E perché parlare di questo poi? Beh, mentre giravo i vari store online ho avuto modo di trovare nella Filth & Violence Records la riedizione targata 2018, in cui non mi dicono esattamente cosa ci sia in aggiunta, contando che l’edizione cd classica è ancora in vendita. Non è un sold out, non è una remastered; solo lui sa cos’è.
Anzi leggendo su discogs, noto che hanno aggiunto solo una live track come bonus. Una roba per feticisti insomma. La cover diversa non la considero qualcosa di eccezionale.
Parliamo del disco.
La colonna sonora della mia estate, forse? Solo se sdraiato su di un materassino, trascinato dal mare a sperimentare quale può essere il terrore d’un viaggio in un barcone. Perché con l’Africa questo disco non centra un cazzo, ma quei suoni cacofonici non sono nient’altro che le urla d’un continente stuprato.

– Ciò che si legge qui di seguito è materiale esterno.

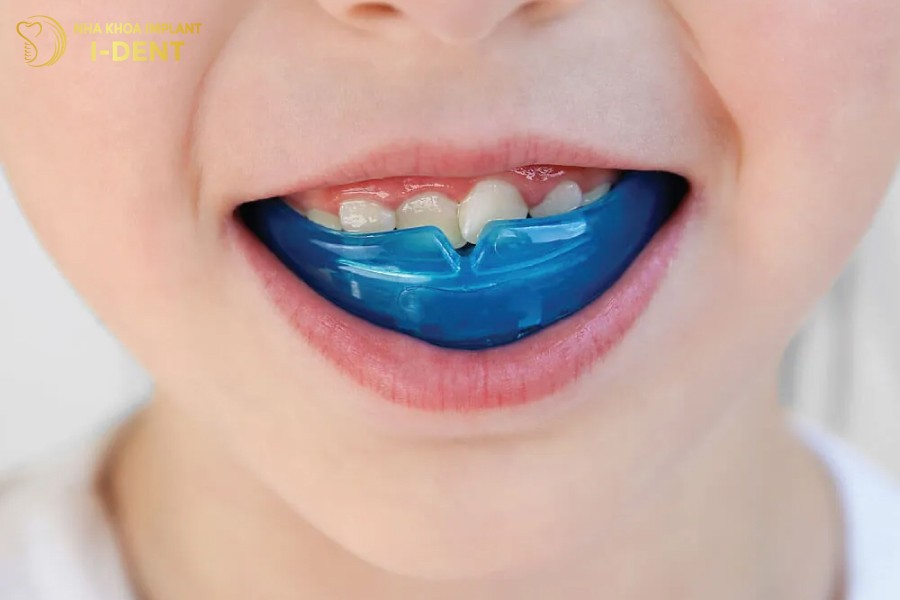 máng niềng răng cho trẻ em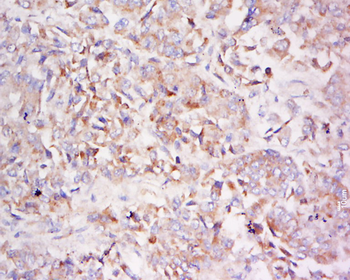 LDLRAD3 Rabbit Polyclonal Antibody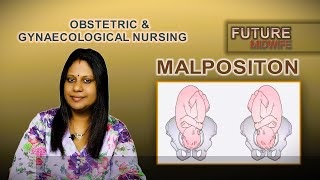 FETAL MALPOSITIONDHANYA DEEPUHIGH RISK LABOUR [upl. by Iba862]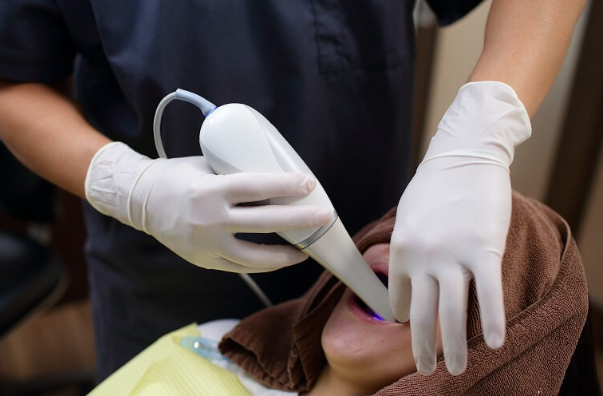 3D光学印象スキャナー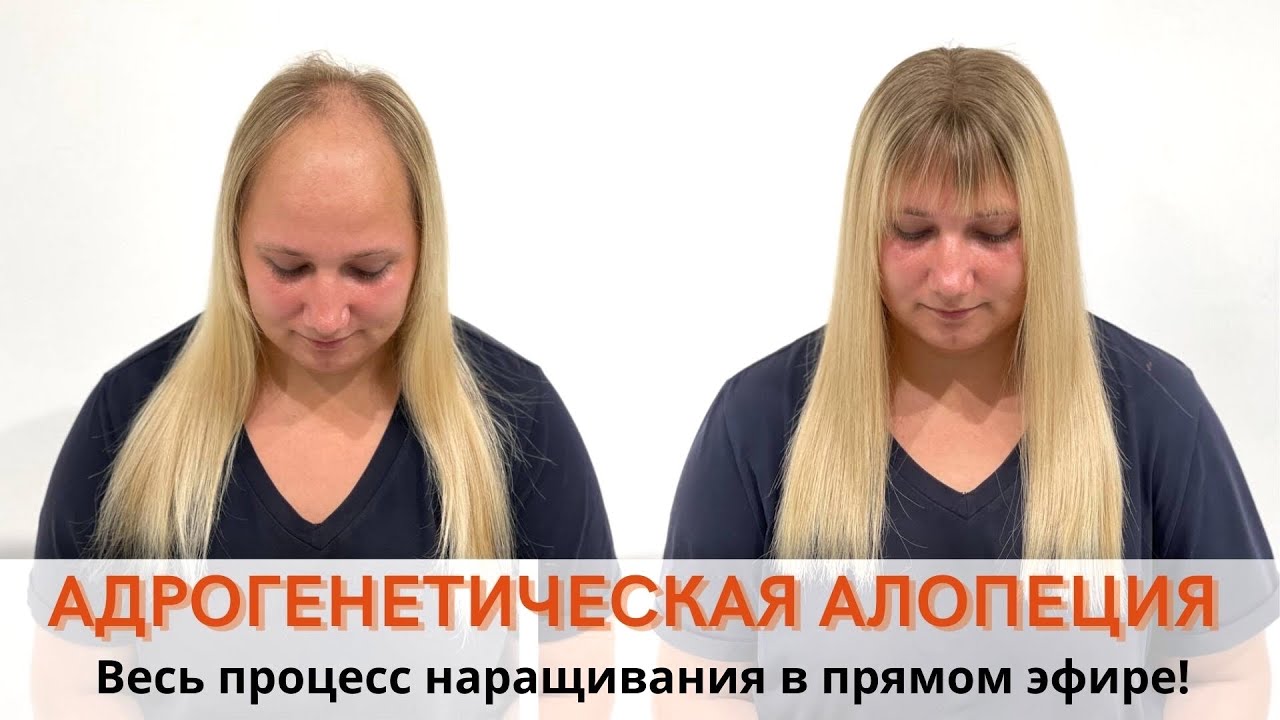 Решение проблемы при андрогенетической алопеции! - YouTube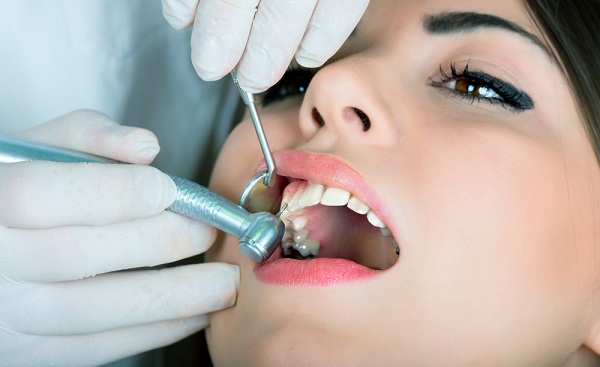Trám răng Những điều cần biết và các lời khuyên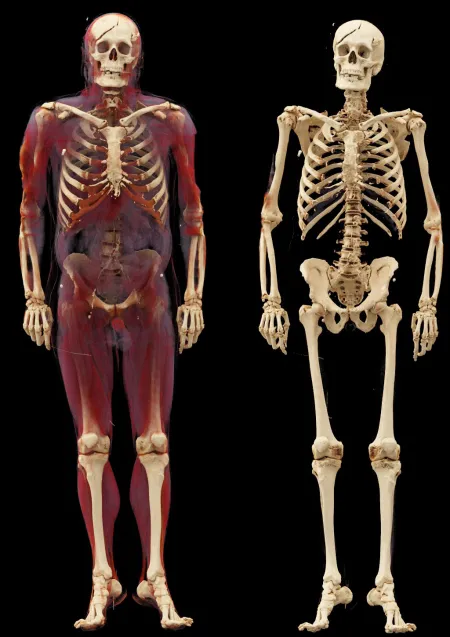 Body scanning: 3D Valeur ajoutée dans  les enquêtes d’homicide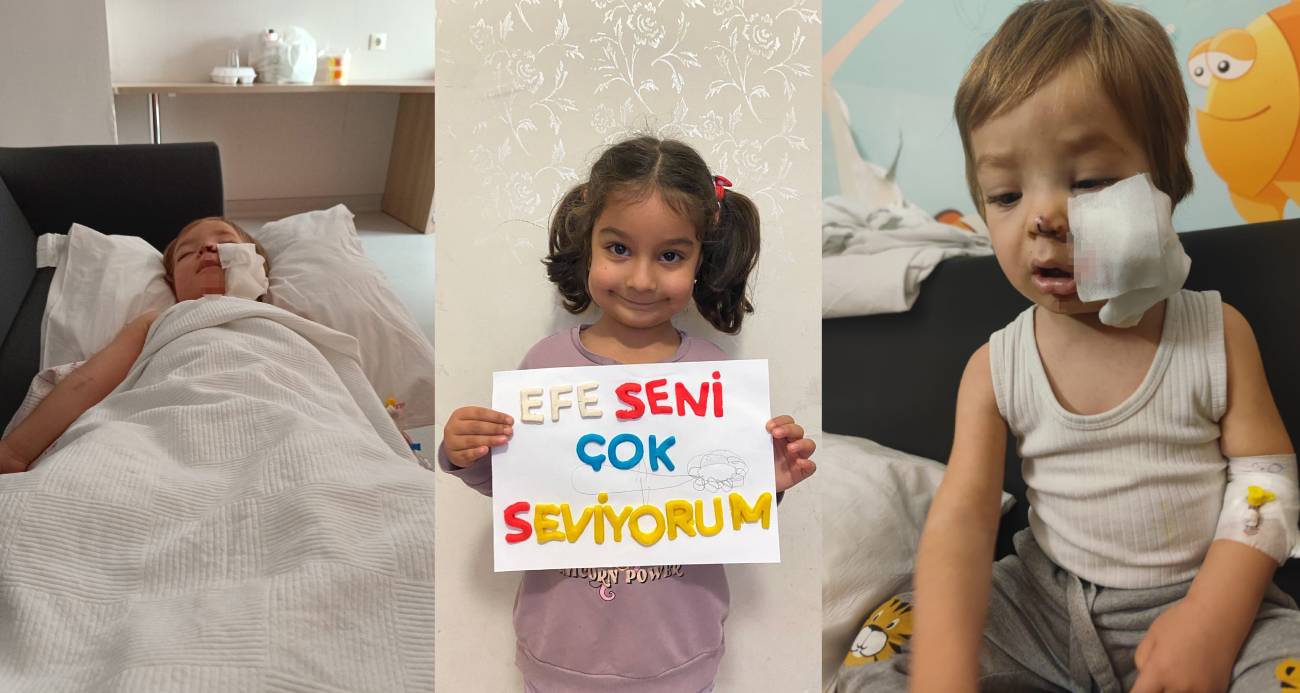 Ankara’da iki çocuğu pitbull saldırısına uğrayan Baba: 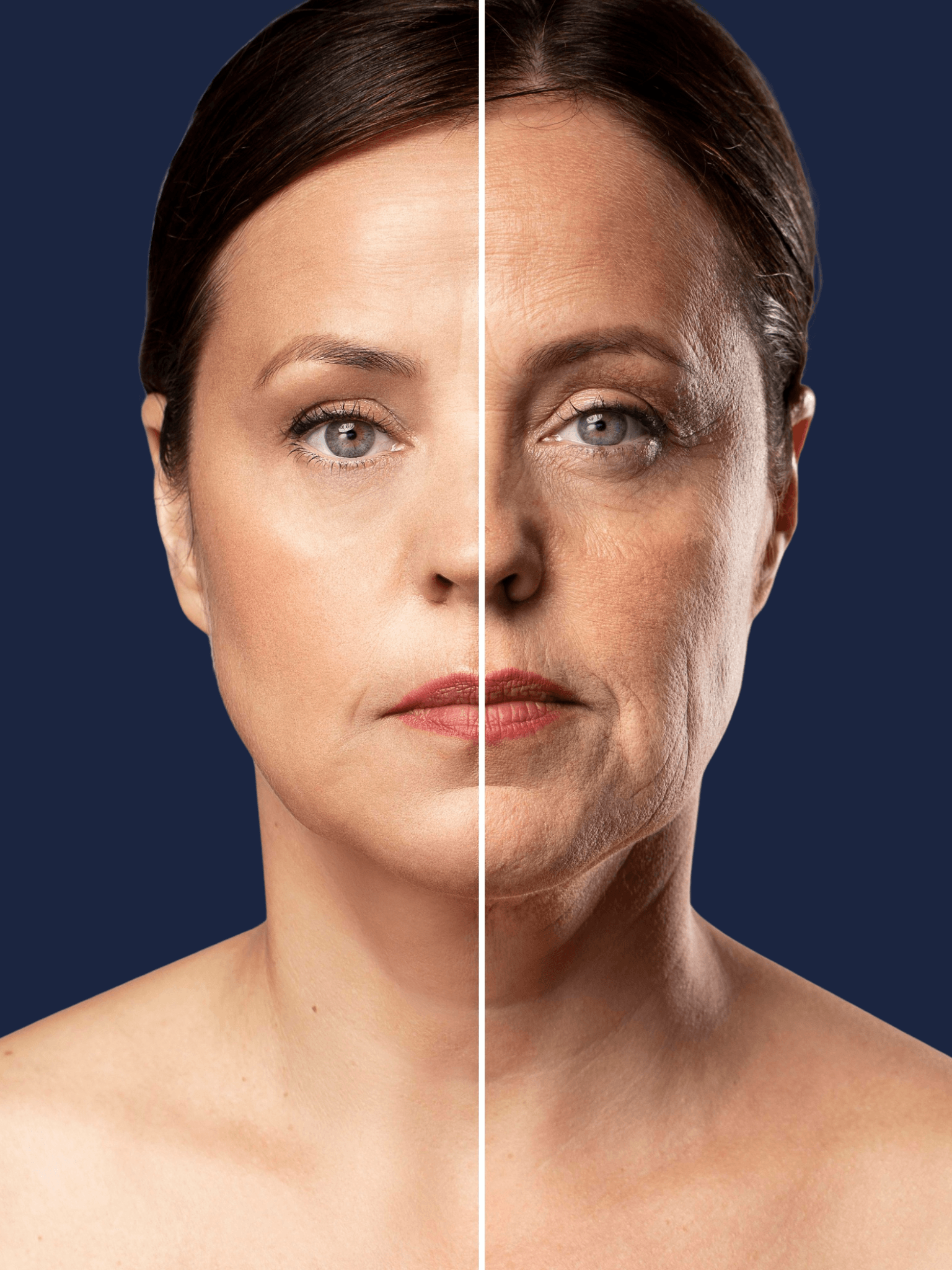 microneedling before and after microneedling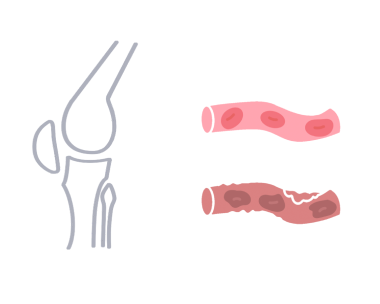 間接・骨、血管
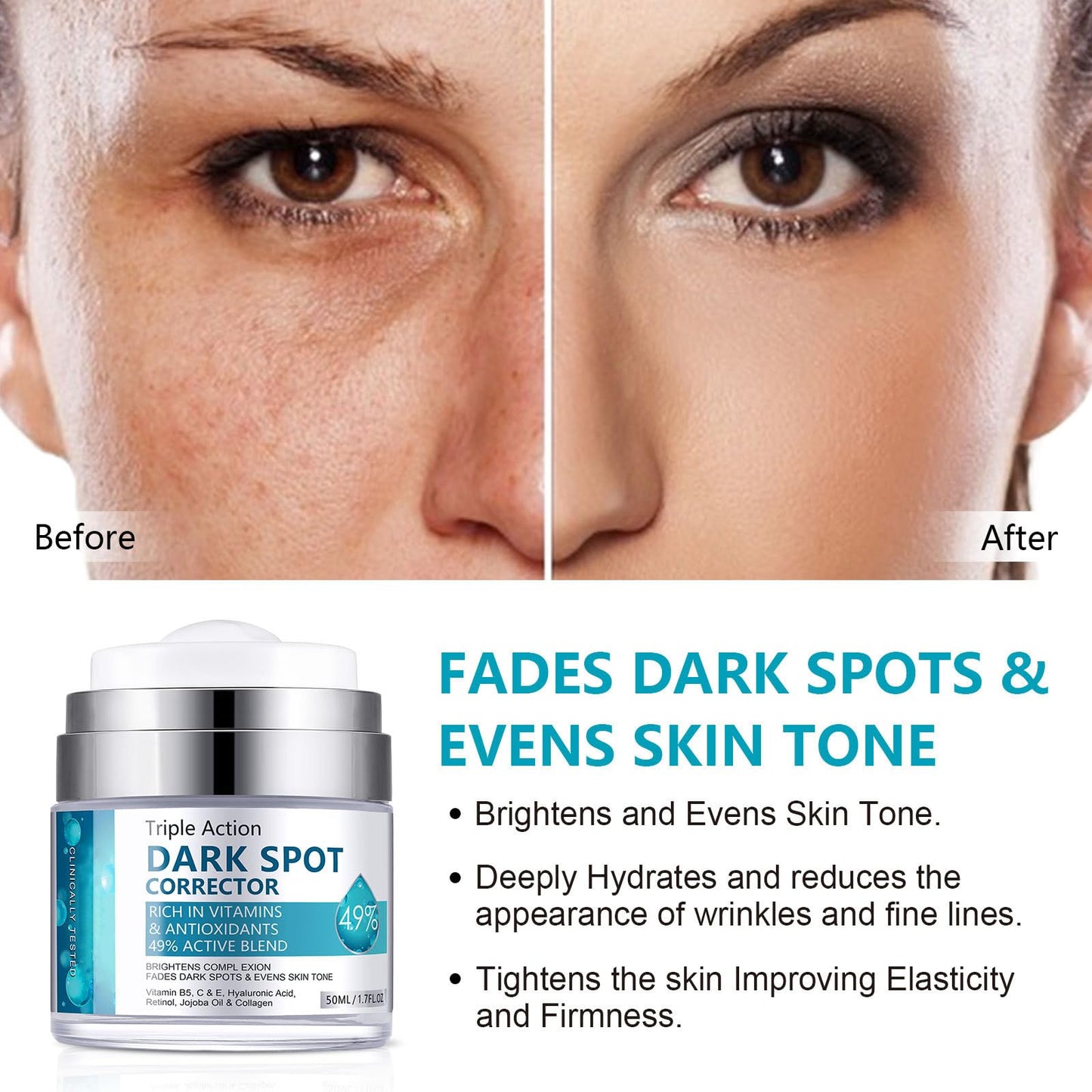 Shefave Dark Spot Remover For Face & Body, Pigmentation Removal Cream, Hyperpigmentation Treatment Melasma Cream - Reduces Dark Spots, Hyperpigmentation & Scars, Hydrates & Evens Skin Tone For Radiant Glow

Non credo che i Bizarre Uproar siano a favore dei neri, anzi, però questo disco è un must del terrore. S’inizia con un basso registrato in presa diretta: male & gretto & distorto da fare schifo. A mano a mano, anzi, di arto in arto, i volumi diventano palesemente insopportabili, poi vi si aggiungono le urla di Adolf Christ. Se prima potevamo anche dubitare della sua attitudine politica, ora è impossibile; quest’uomo ha stuprato l’Africa. E di piede in piede l’album prosegue e il livello d’incomprensione ironicamente diminuisce.
Mi si intenda: seppure tutto ciò che avete studiato fin dalla nascita riguardo la musica in quanto tale viene letteralmente gettata in un porcile, e da lì riprelevato, portato in un mattatoio, trasformato in salsicce, vendute al super mercato, mangiate fredde da un team di nazisti e cagate su una qualche bandiera d’uno stato africano a caso (Io scelgo la Repubblica del Senegal), è proprio comprendere ciò che rende Rape Africa un ascolto riprovevole degno del suo nome. È come se le urla che sentite fossero quelle dell’Africa stuprata, la sua popolazione distrutta, la guerra incessante, i passi di chi fugge per morire a pochi metri dal vostro porto e la gente ride, come state ridendo voi ora.
In Conclusione
Non c’è niente di bello dietro questo disco, solo un incommensurabile odio. Un odio verso il nome che porta il pubblico che l’ascolta e anche chi crea la non musica stessa contenuta nel disco. Me li immaginano i Bizarre Uproar mentre ridono non dell’ennesimo sbarco fallito, ma di chi ascolta questo disco cercando di dargli un senso inneggiando al nuovo noise.
Col braccio teso e le lacrime agli occhi dico che questo disco è l’ascolto (recuperato) dell’estate, perché se devo scegliere tra l’ennesimo telegiornale o saggiare il sangue caldo che fuoriesce dalle mie orecchie provando un brivido freddo per la capacità di ridere ascoltando ciò, beh io scelgo di stuprare l’Africa.